Bipartisan bill now heads to the President’s desk to be signed into law
Washington, D.C. – House Judiciary Committee Chairman Bob Goodlatte (R-Va.) issued the statement below after the Senate followed House action and voted to approve the conference report for the Comprehensive Addiction and Recovery Act (S. 524). The House of Representatives passed the conference report on July 8, 2016 and following today’s Senate vote it now heads to the President’s desk to be signed into law.
“Opioid abuse is destroying families and lives all across the United States. This epidemic calls out for action at all levels of government and civic life so that we protect our citizens from these dangerous drugs. Congress has taken decisive action to strengthen the enforcement of our nation’s drug laws, provide tools to combat addiction, offer appropriate treatment and care to addicts so that they can begin to reclaim and rebuild their lives, and leverage existing programs to accomplish these goals, which is a responsible use of precious taxpayer dollars. I applaud today’s Senate action and urge President Obama to sign this bill into law swiftly.”

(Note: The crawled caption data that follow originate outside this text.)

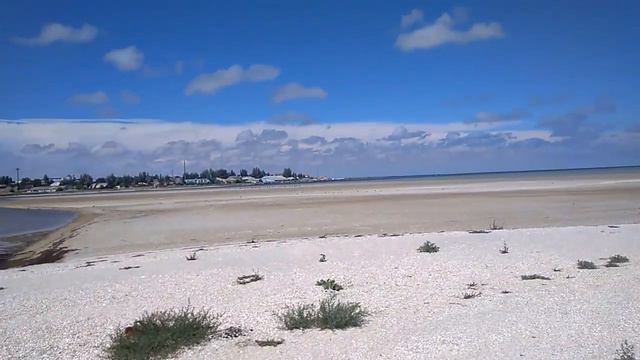 Азовское море, белая коса возле Геническа. Классное место для фотосесии. смотреть онлайн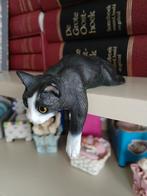 Zwart witte liggende poes, Verzamelen, Beelden en Beeldjes, Ophalen of Verzenden, Zo goed als nieuw, Dier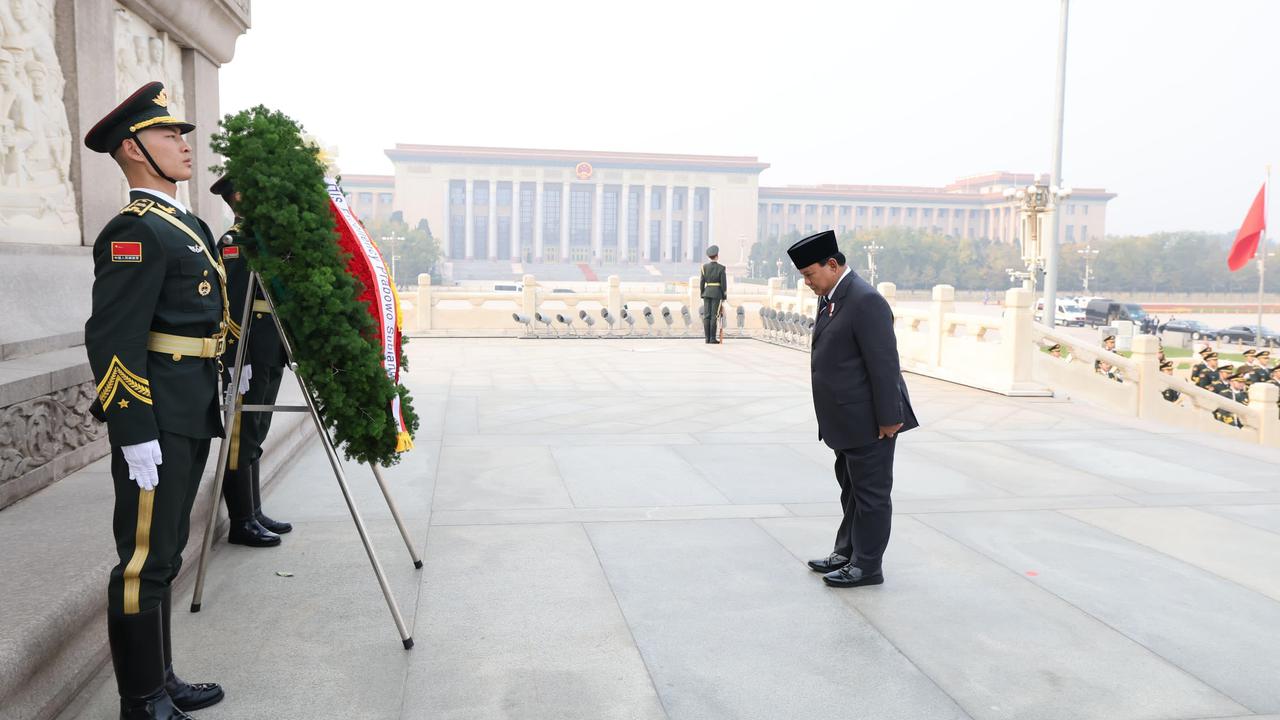 Momen Prabowo Letakkan Karangan Bunga di Monumen Pahlawan Rakyat China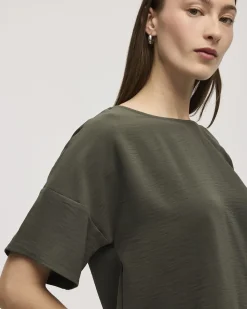 Short-Sleeve Crew-Neck T-Shirt Blouse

The conference report for S. 524, the Comprehensive Addiction and Recovery Act of 2016, contains the following House Judiciary Committee bills:
- The Comprehensive Opioid Abuse Reduction Act (H.R. 5046): This bipartisan bill, authored by Crime, Terrorism, Homeland Security, and Investigations Subcommittee Chairman Jim Sensenbrenner (R-Wis.), combats the opioid epidemic by establishing a streamlined, comprehensive opioid abuse grant program that encompasses a variety of new and existing programs, such as vital training and resources for first responders and law enforcement, criminal investigations for the unlawful distribution of opioids, drug and other alternative treatment courts, and residential substance abuse treatment. The bill authorizes $103 million annually for the grant program and is fully offset in accordance with the House cut-go protocol.
- The Opioid Program Evaluation (OPEN) Act (H.R. 5052): This bipartisan legislation, sponsored by House Majority Leader Kevin McCarthy (R-Calif.) and Minority Whip Steny Hoyer (D-Md.), increases the transparency and accountability of the comprehensive opioid abuse grant program created in H.R. 5046. Specifically, it requires grantees to report on the use of grant funds and requires a publicly available analysis of whether or not the grants have achieved their intended purposes.
- The Good Samaritan Assessment Act of 2016 (H.R. 5048): This bill, authored by Representative Frank Guinta (R-N.H.), requires the Government Accountability Office to study state and local Good Samaritan laws that protect caregivers, law enforcement personnel, and first responders who administer opioid overdose reversal drugs or devices from criminal or civil liability, as well as those who contact emergency service providers in response to an overdose.
- The Kingpin Designation Improvement Act of 2016 (H.R. 4985): This bill, authored by Representatives John Katko (R-N.Y.) and Kathleen Rice (D-N.Y.), protects classified information in court proceedings involving drug kingpins. Under the federal Kingpin Act, the Treasury Department’s Office of Foreign Assets Control (OFAC) is able to designate international drug traffickers as kingpins, and thereby block them from using the U.S. financial system. Designees are able to challenge their listing in federal court. However, unlike a similar statute used by OFAC, the Kingpin Act does not contain a provision to protect classified information when such information is used as the basis for a designation. This means that the U.S. government risks having classified information being publicly disclosed. H.R. 4985 addresses this issue by making clear that OFAC can submit classified information to defend its designations in federal district court without it being publicly disclosed.